Ma dernière (… et première) chronique finissait sur la promesse de rédiger une chronique mensuelle. Force est de constater que j’ai tenu toutes mes promesses en vous livrant cette chronique mensuelle… du mois d’août 2015 ! Pour les pointilleux et les mauvaises langues, la précédente datait d’octobre 2014 donc les délais sont quasi respectés. A côté de ceux annoncés pour l’achèvement de la Sagrada Familia, je suis même largement en avance !
J’ai décidé cette fois de changer un peu mon fusil d’épaule et de ne plus vous proposer de lectures uniquement pour adultes mais bien pour adultes et enfants. En fait, il serait plus juste de dire pour adultes sur les enfants !
Tout d’abord une bande dessinée : Ce n’est pas toi que j’attendais de Fabien Toulmé.
Récit autobiographique où l’auteur partage avec nous une période qui va complètement chambouler son existence : l’arrivée de son deuxième enfant, Julia, atteinte d’une trisomie 21 non détectée pendant la grossesse.

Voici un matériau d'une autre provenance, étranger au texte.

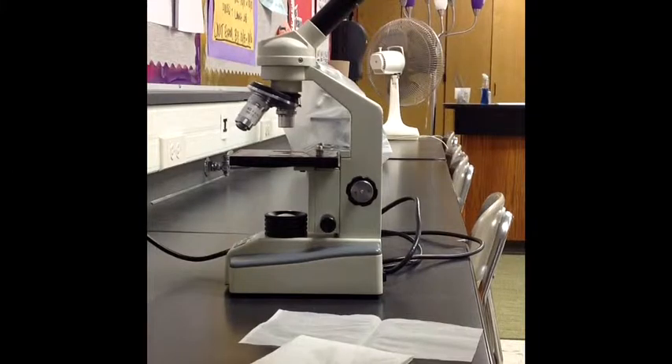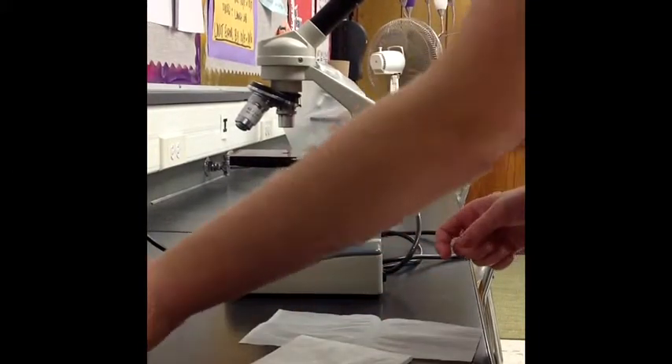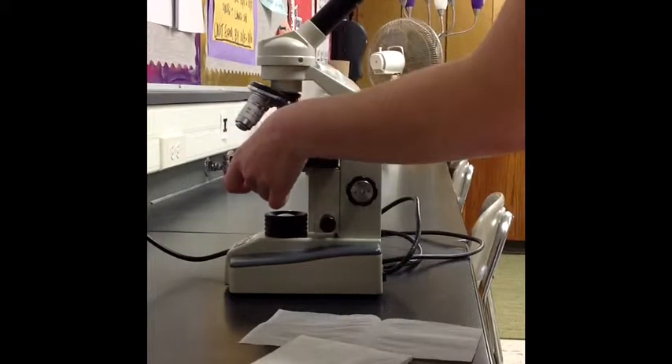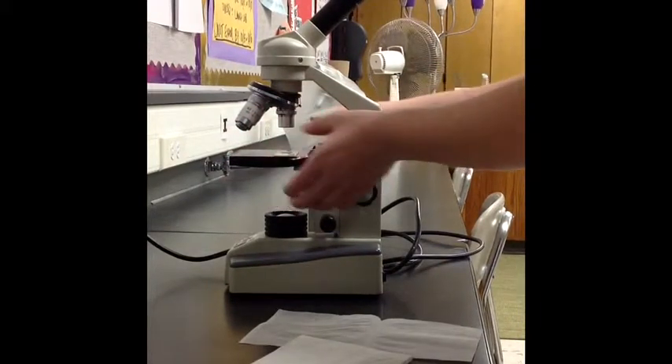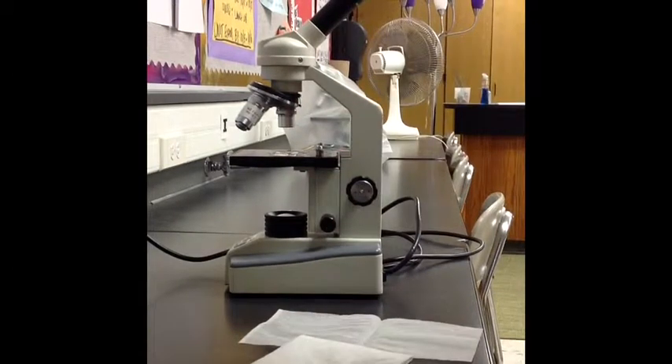Then move the stage clip so you can place the slide carefully onto the stage. Place the stage clips on the side to hold it down. Now turn on the microscope.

On suit le couple pendant la grossesse, on l’accompagne pendant l’accouchement et on assiste ensuite aux trois premières années de Julia, au chamboulement que constitue l’annonce de la maladie, au parcours du combattant médical obligatoire (cardiologues, psychologues, kinésithérapeutes, etc.) mais aussi à la naissance bien difficile de l’amour d’un père pour sa fille…
Fabien Toulmé fait preuve d’une incroyable honnêteté dans son récit. Il ne cache rien, nous livre ses sentiments les plus noirs sans tenter de les atténuer à aucun moment. Oui il a pris énormément de temps à accepter la trisomie de sa fille. Oui il a fallu des mois pour qu’il arrive à faire des gestes aussi simples en apparence que de donner un bain ou faire un câlin. Il ne s’en cache pas du tout que du contraire…
« Ça faisait maintenant presque trois mois que Julia était née et je ne lui avais encore jamais donné de bain, ni ne m’étais vraiment occupé d’elle comme un père s’occupe de son enfant…
Je ne l’avais jamais prise dans mes bras ni ne lui avais chanté de chansons…
Alors que pour Louise, je m’étais impliqué avec bonheur dès sa naissance.
Je me sentais coupable…
[…]
Je n’arrivais pas à ressentir quelque chose pour elle…
Est-ce qu’un jour je l’aimerai comme ma fille ?
Est-ce que j’arriverai à la voir autrement que comme une trisomique ? »
Sur ce sujet ô combien difficile, l’auteur parvient tout de même à nous arracher 2-3 sourires, parfois des rires même, entre les montées de larmes…
Il y aurait énormément de choses à dire sur cette bande dessinée mais j’en retiens pour ma part principalement deux…
D’abord, la réaction la plus saine est finalement celle de Louise, la grande sœur de Julia. Pour elle, Julia est un bébé comme un autre, c’est sa petite sœur, elle est super contente de son arrivée et déjà fière d’être grande sœur.
La deuxième c’est une des planches de la bd à laquelle je repense souvent. Le dessinateur représente une petite promenade familiale avec la poussette dans laquelle se trouve Julia. Puis il décrit les réactions des passants à leur passage. D’abord, il y a un regard vers la poussette parce que tout le monde ou presque est toujours attiré par les bébés. Puis il y a ce moment d’incompréhension qui se lit sur leur figure à la vue du visage trisomique. Ensuite, il y a ce moment où les passants jettent un œil sur les parents pour essayer de comprendre. Comme s’ils cherchaient à percevoir dans les visages des parents l’origine de la trisomie du bébé qu’ils viennent de regarder… L’auteur nous explique combien c’est douloureux pour les parents de subir, au quotidien, ce genre de regards, sans doute involontaires et inconscients mais néanmoins pénibles…
Un petit mot aussi sur le graphisme magnifique : les planches sont en bichromie et chaque chapitre comporte une couleur dominante, reflet des émotions principales de l’auteur… Tout tout beau…
Au final donc, un récit sublime sur la différence, le rejet, l’incompréhension, les angoisses parentales, l’amour…
« Ce n’est pas toi que j’attendais.
Mais je suis content que tu sois venue… »
Je garde mon deuxième conseil lecture pour le mois prochain histoire de ne pas vous faire attendre une année de plus pour le lire ! Donc, comme dirait l’autre : « C’est tout… pour le moment ! ».